Quote of the Week

It’s always encouraging to read about people whose conversion story draws them away from the lunatic fringe. Such is the case with George Monbiot, a columnist with London’s Guardian newspaper who wrote this week that he’s seen the light. Monbiot has officially renounced his past incitement to mass veganism in the service of environmental responsibility.

After reading Simon Fairlie’s book Meat: A Benign Extravagance, Monbiot came to believe that we can still effectively reform our livestock and meat-processing systems without a meatless revolution:

In the Guardian in 2002 I discussed the sharp rise in the number of the world's livestock, and the connection between their consumption of grain and human malnutrition. After reviewing the figures, I concluded that veganism "is the only ethical response to what is arguably the world's most urgent social justice issue" … I no longer believe that the only ethical response is to stop eating meat …

Like many greens I have thoughtlessly repeated the claim that it requires 100,000 litres of water to produce every kilogram of beef. Fairlie shows that this figure is wrong by around three orders of magnitude.
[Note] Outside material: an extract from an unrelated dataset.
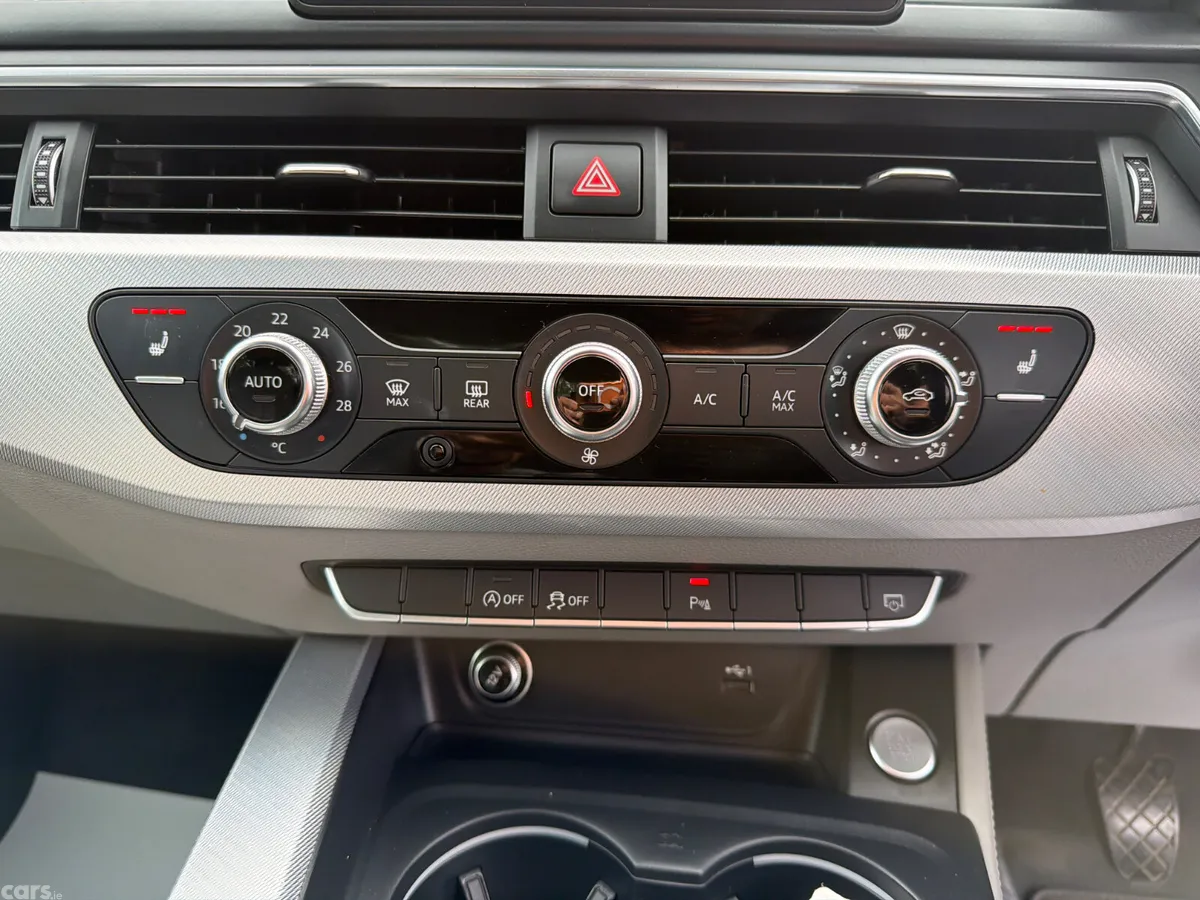 Audi A4 Saloon, Diesel, 2018, Blue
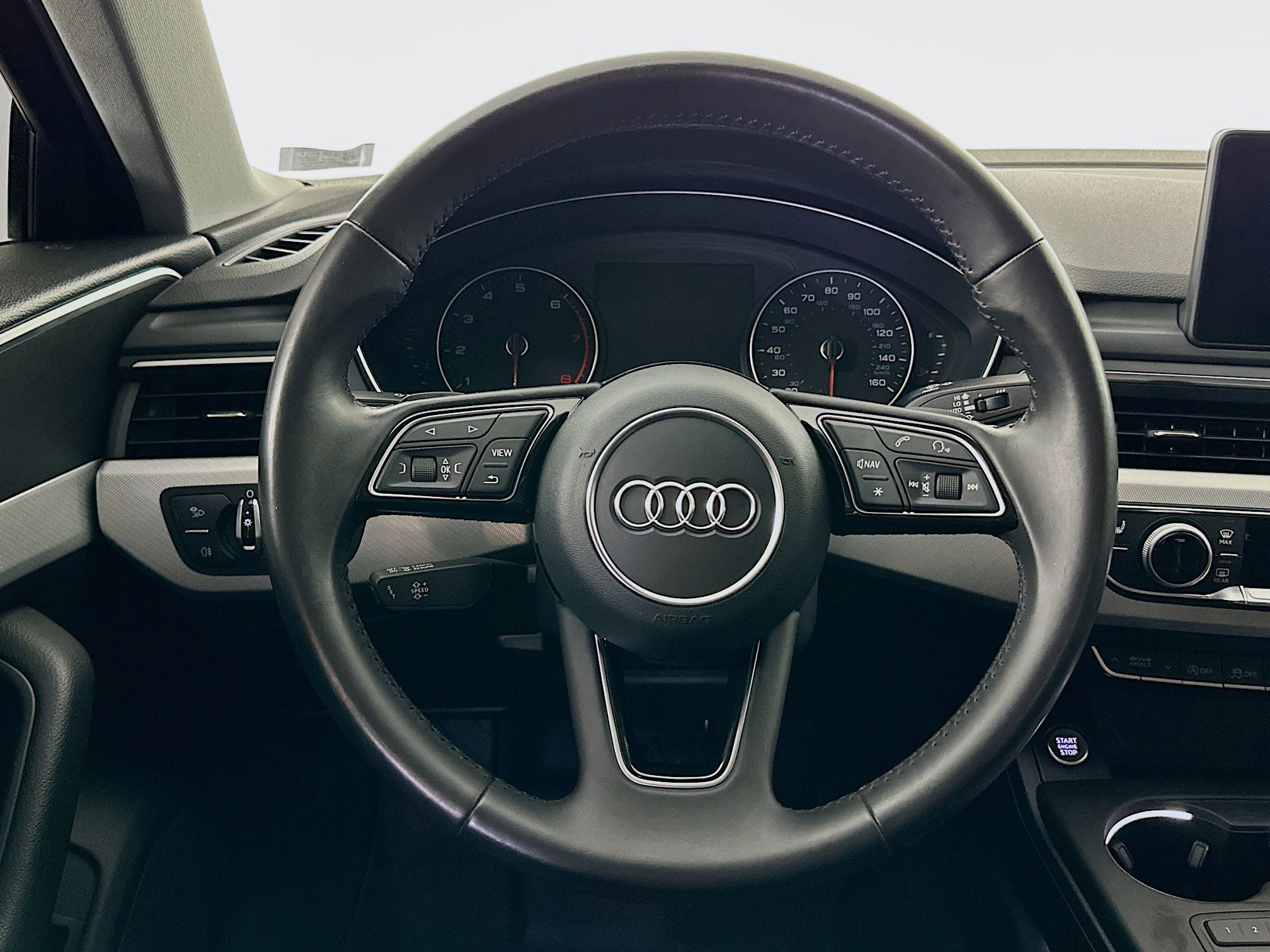 Used 2017 Audi A4 2.0T Premium image 18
It arose from the absurd assumption that every drop of water that falls on a pasture disappears into the animals that graze it, never to re-emerge …

Similarly daft assumptions underlie the UN Food and Agriculture Organisation's famous claim that livestock are responsible for 18% of the world's greenhouse gas emissions, a higher proportion than transport. Fairlie shows that it made a number of basic mistakes. It attributes all deforestation that culminates in cattle ranching in the Amazon to cattle: in reality it is mostly driven by land speculation and logging.

We may differ with Monbiot on many things, but his food for thought is a step in the right direction—away from vegan Puritanism and towards an open-minded view of the modern animal farm.

In essence, Monbiot is making a productive move from “we can’t” towards a discussion of “how can we?” We continue to hope that the radical meatless Utopians at PETA and the Humane Society of the United States adopt a similarly enlightened attitude one day.